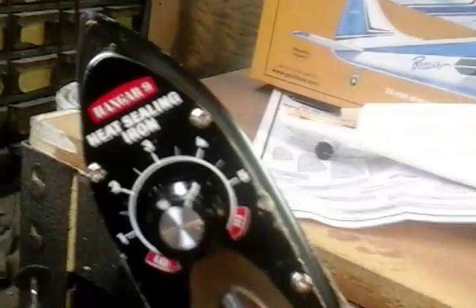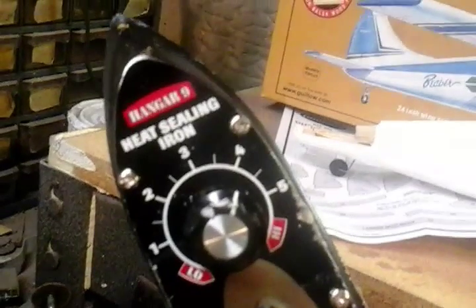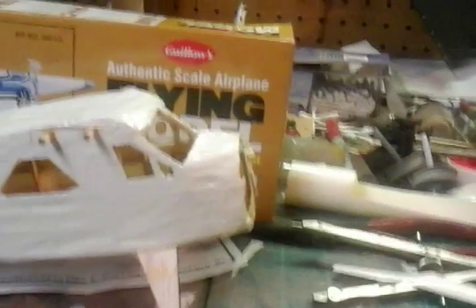I decided to use a Hanger 9 sealing iron. I think it's an excellent little device — variable temperature, only costing about 20 bucks, so I highly recommend it because it does an excellent job. More updates as they occur. Thanks a lot.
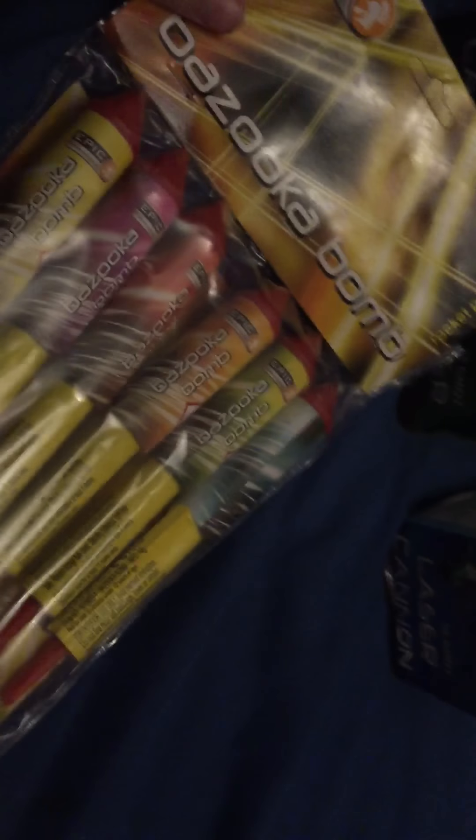We've got Bazooka Bomb - these are 1.3G rockets. They're all quite small though for 1.3G. I think they're six for five quid, not bad really - probably better than what you could pick up at a supermarket for the same price.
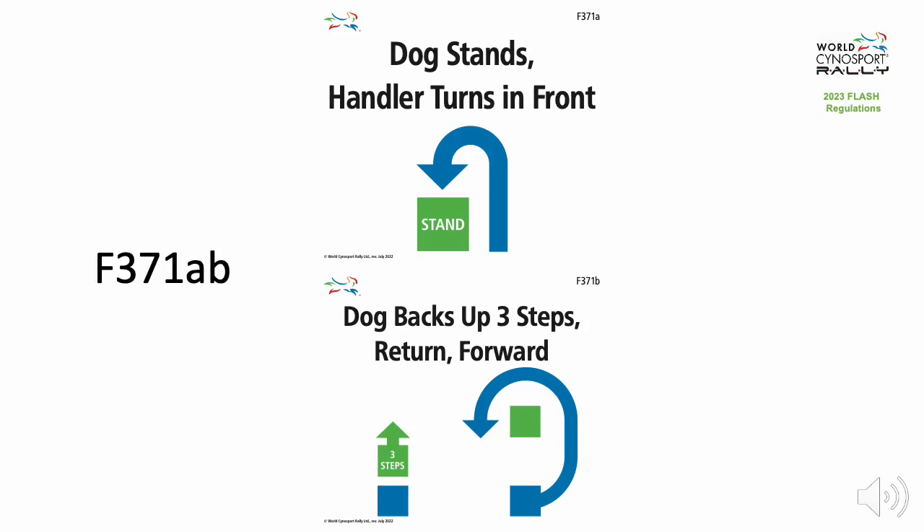Flash Exercise F371AB. Dog stands. Handler turns in front. Dog backs up three steps. Return forward.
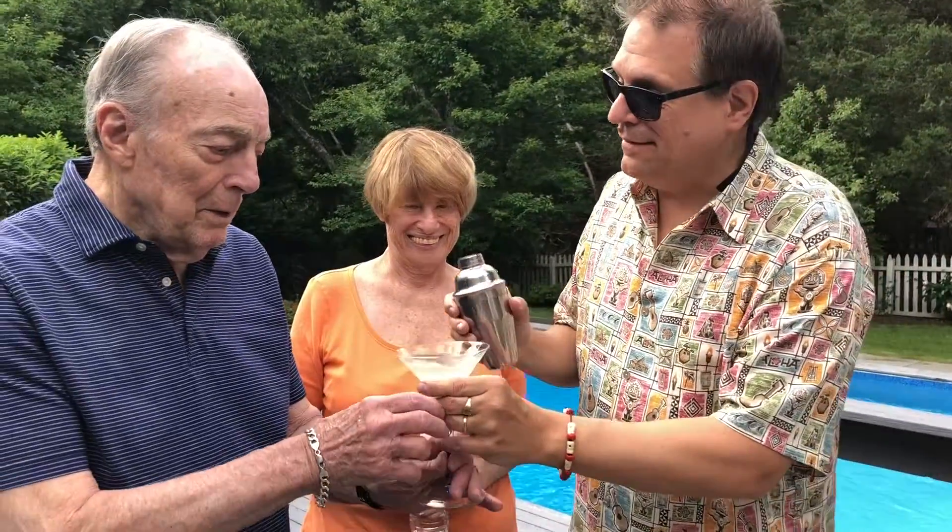My guinea pig Hank is going to try it. Tell me what you think — I hope you like it. That good, huh? Would you prefer something else? I think I would. I think I definitely would. How about some Eagle Rare — would you prefer that? Yes, definitely.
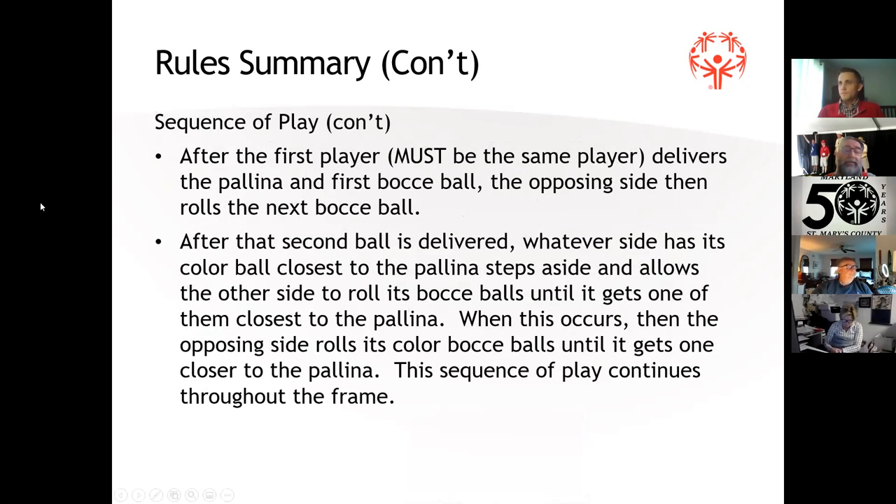If you're confused or unsure about a rule as we're going through this, please stop me and ask your questions.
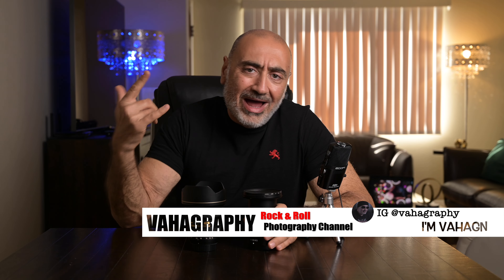Have a happy New Year, good vibes to everybody. Let's keep the negativity out and stay positive. This is Vahagraphy, I'm Vahagn your rock and roll photographer — we'll see you on the next video. Rock and roll.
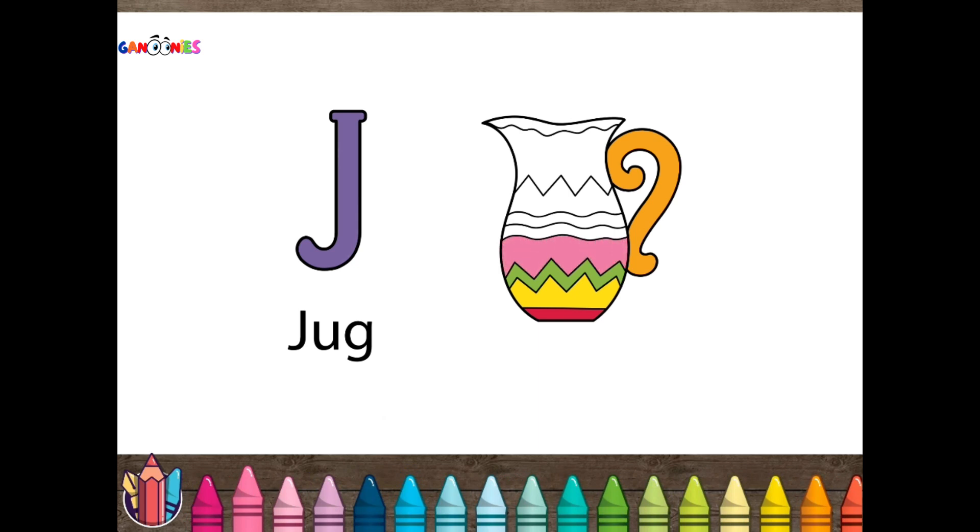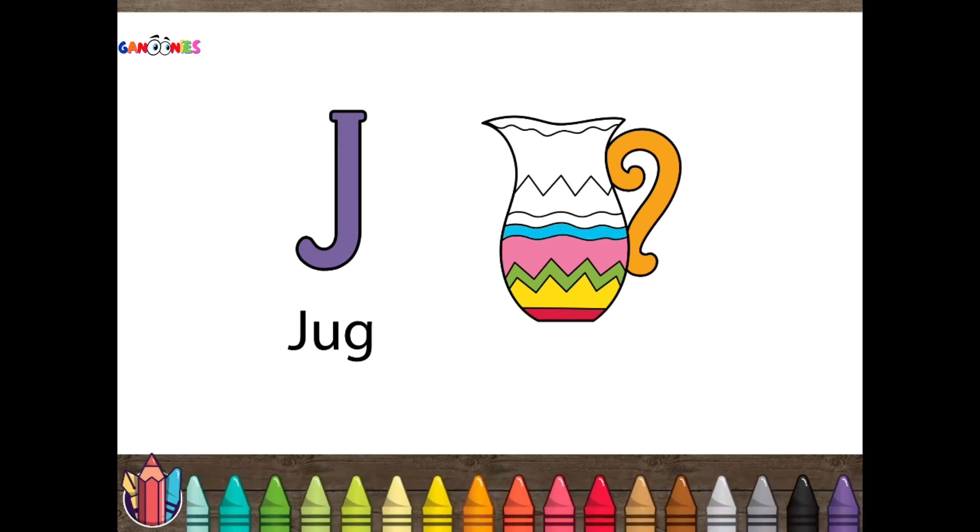Did you know, jugs are made to hold and pour liquids like water and juice. Jugs can be made out of many different materials such as glass or clay.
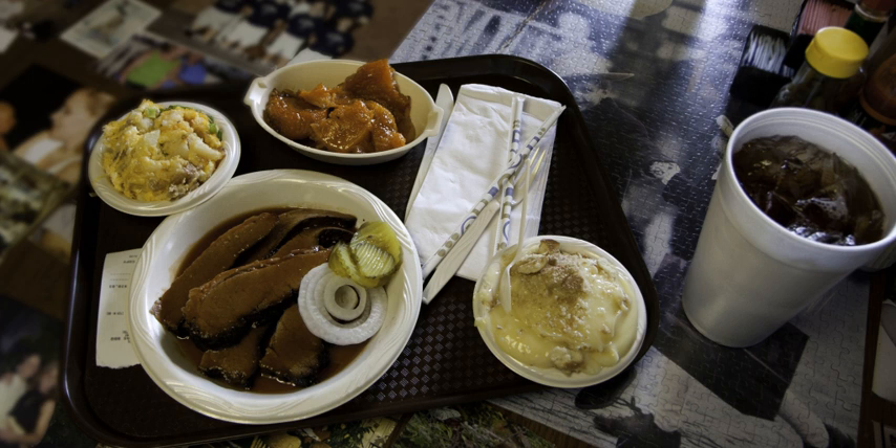Texas barbecue is a traditional style of preparing meat unique to the cuisine of Texas. It is one of the many different varieties of barbecue found around the world. Texas barbecue traditions can be divided into four general styles: East Texas, Central Texas, South Texas, and West Texas.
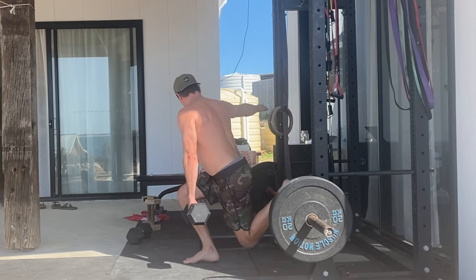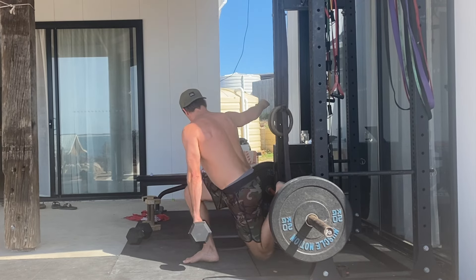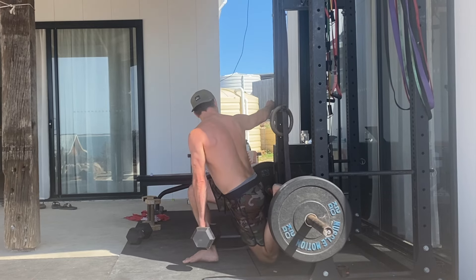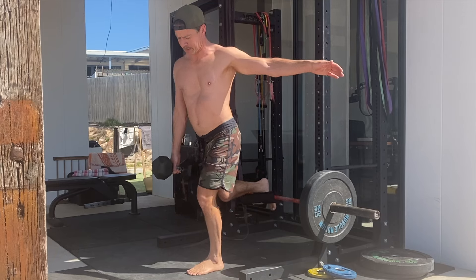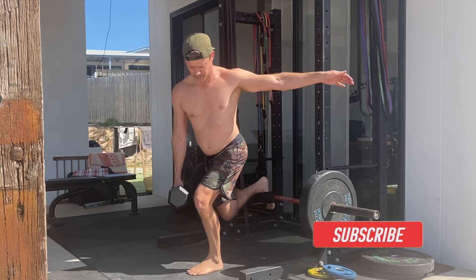It also challenges your control and balance more than the standard version. This exercise is excellent for building lower body strength, improving balance and addressing muscle imbalances. It's best to perform three to five sets of five to fifteen reps depending on your goals and current training phase. Give it a try and see how you go.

Requirement >> When you write out the material above, keep every line exact and drop each picture.

Answer to the problem >>
I decided to use a Hanger 9 sealing iron. I think it's an excellent little device — variable temperature, only costing about 20 bucks, so I highly recommend it because it does an excellent job. More updates as they occur. Thanks a lot.
We've got Bazooka Bomb - these are 1.3G rockets. They're all quite small though for 1.3G. I think they're six for five quid, not bad really - probably better than what you could pick up at a supermarket for the same price.
Flash Exercise F371AB. Dog stands. Handler turns in front. Dog backs up three steps. Return forward.
My guinea pig Hank is going to try it. Tell me what you think — I hope you like it. That good, huh? Would you prefer something else? I think I would. I think I definitely would. How about some Eagle Rare — would you prefer that? Yes, definitely.
If you're confused or unsure about a rule as we're going through this, please stop me and ask your questions.
Have a happy New Year, good vibes to everybody. Let's keep the negativity out and stay positive. This is Vahagraphy, I'm Vahagn your rock and roll photographer — we'll see you on the next video. Rock and roll.
Did you know, jugs are made to hold and pour liquids like water and juice. Jugs can be made out of many different materials such as glass or clay.
Texas barbecue is a traditional style of preparing meat unique to the cuisine of Texas. It is one of the many different varieties of barbecue found around the world. Texas barbecue traditions can be divided into four general styles: East Texas, Central Texas, South Texas, and West Texas.
It also challenges your control and balance more than the standard version. This exercise is excellent for building lower body strength, improving balance and addressing muscle imbalances. It's best to perform three to five sets of five to fifteen reps depending on your goals and current training phase. Give it a try and see how you go.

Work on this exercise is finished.